■ Description of the task
Since the records include pictures, leave those out while you reproduce exactly and only the lines from the one containing "Antique Blue Crabs I Framed Print" through the one containing "Pomelo fruit Tree", inclusive.

■ Recorded data
# # #

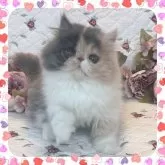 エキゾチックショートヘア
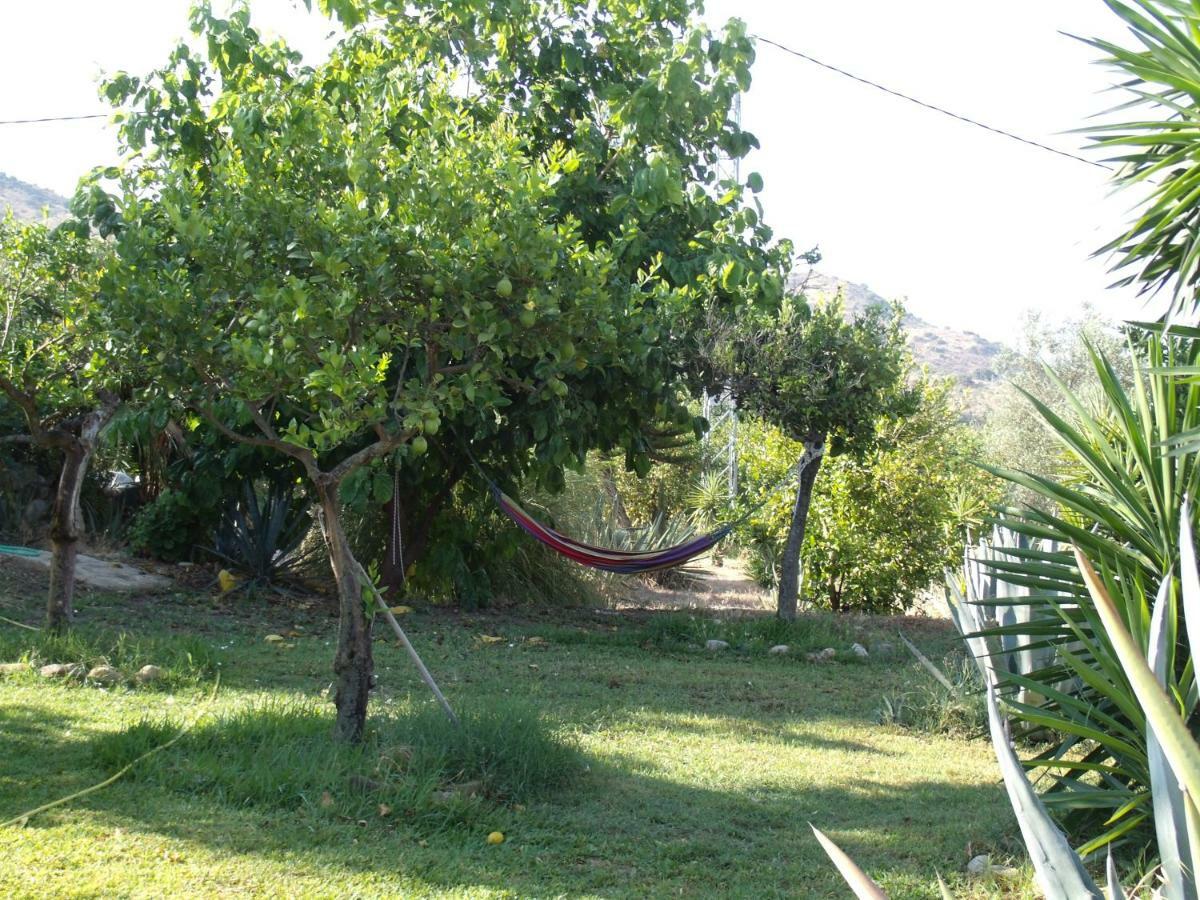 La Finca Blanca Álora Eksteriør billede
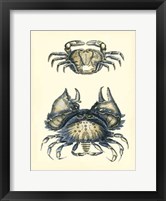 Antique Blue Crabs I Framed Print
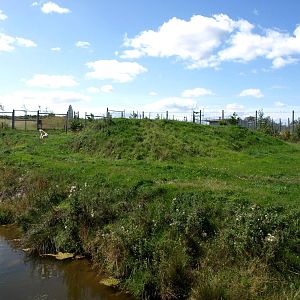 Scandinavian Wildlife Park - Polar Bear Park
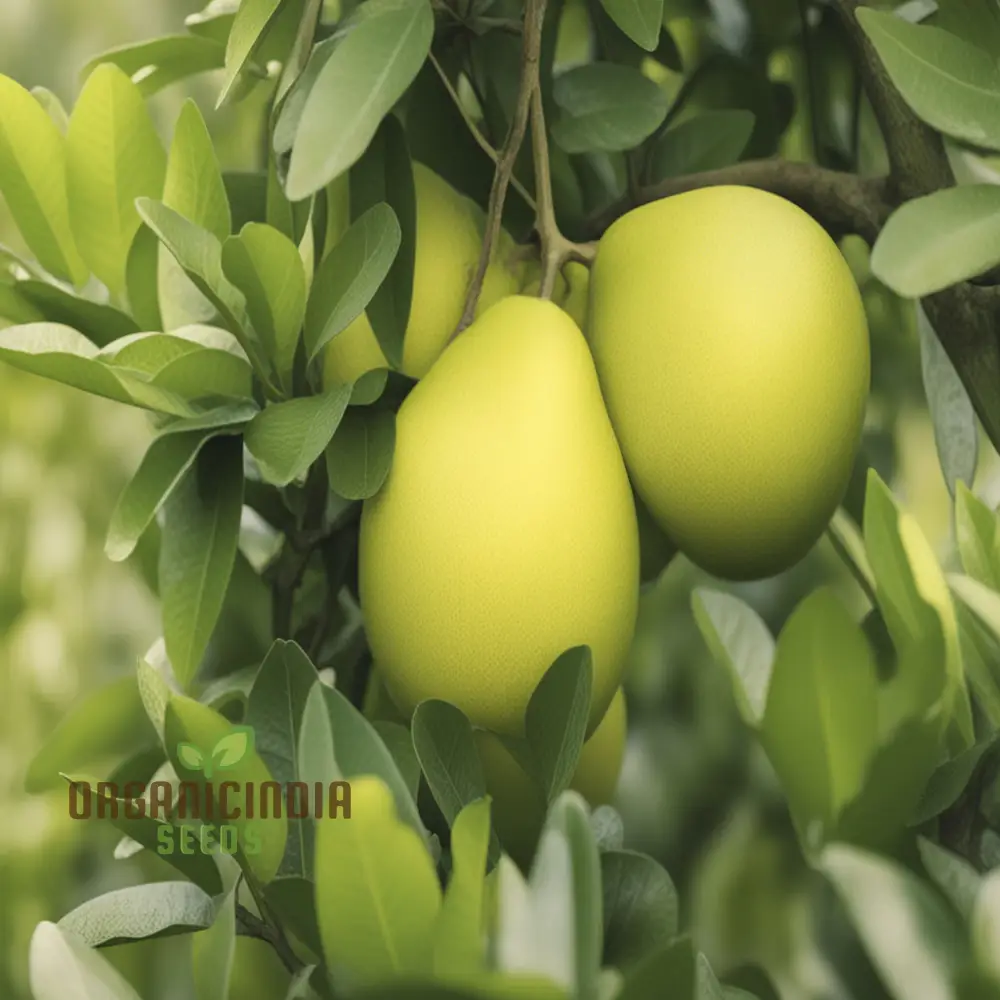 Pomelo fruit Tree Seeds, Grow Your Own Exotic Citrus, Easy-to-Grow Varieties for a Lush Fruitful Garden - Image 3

# # #

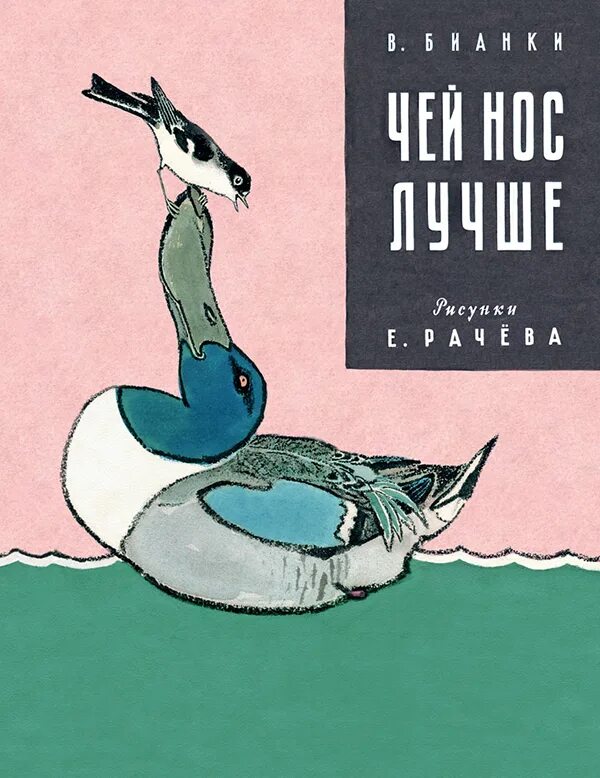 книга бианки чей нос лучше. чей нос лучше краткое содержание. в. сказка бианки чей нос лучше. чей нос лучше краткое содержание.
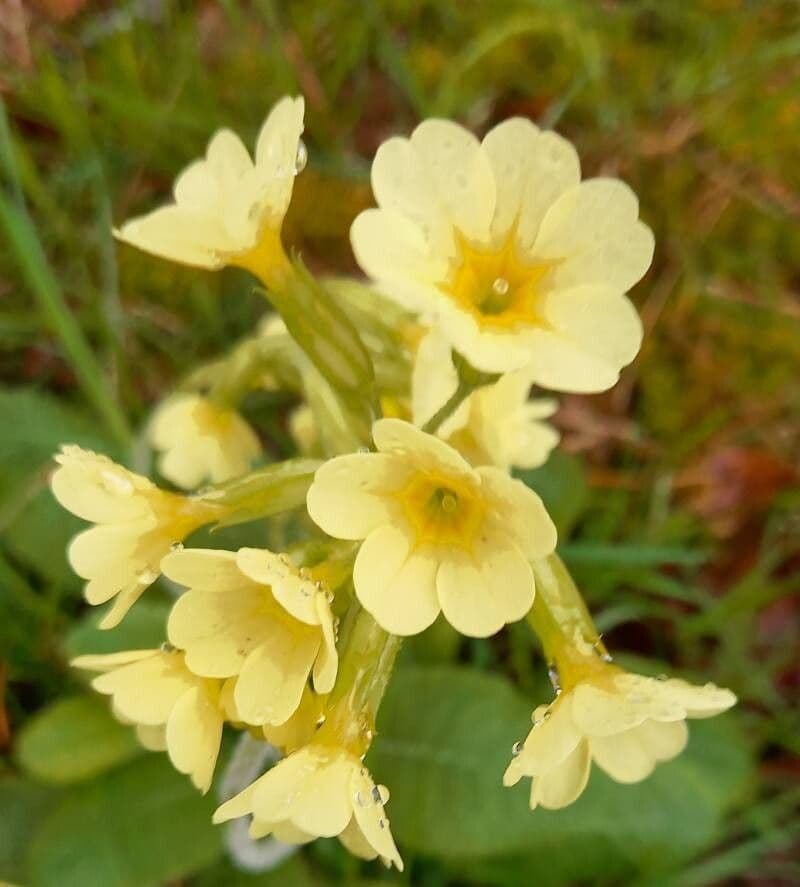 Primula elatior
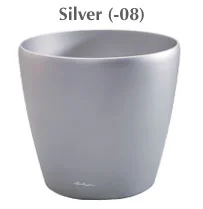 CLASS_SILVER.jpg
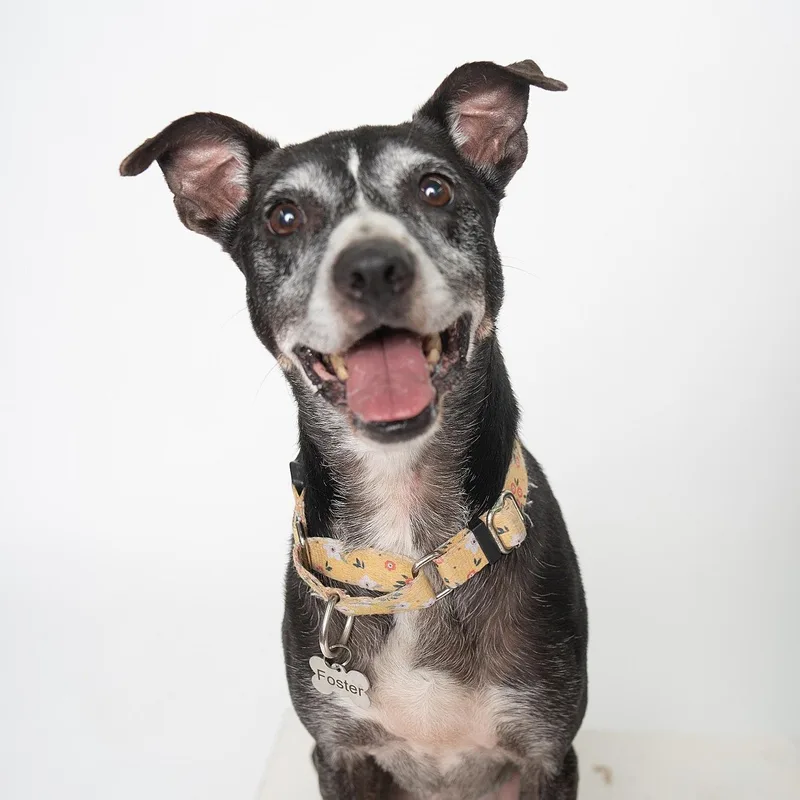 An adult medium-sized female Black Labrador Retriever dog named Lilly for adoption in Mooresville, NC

# # #

■ Problem solution
 Antique Blue Crabs I Framed Print
 Scandinavian Wildlife Park - Polar Bear Park
 Pomelo fruit Tree Seeds, Grow Your Own Exotic Citrus, Easy-to-Grow Varieties for a Lush Fruitful Garden - Image 3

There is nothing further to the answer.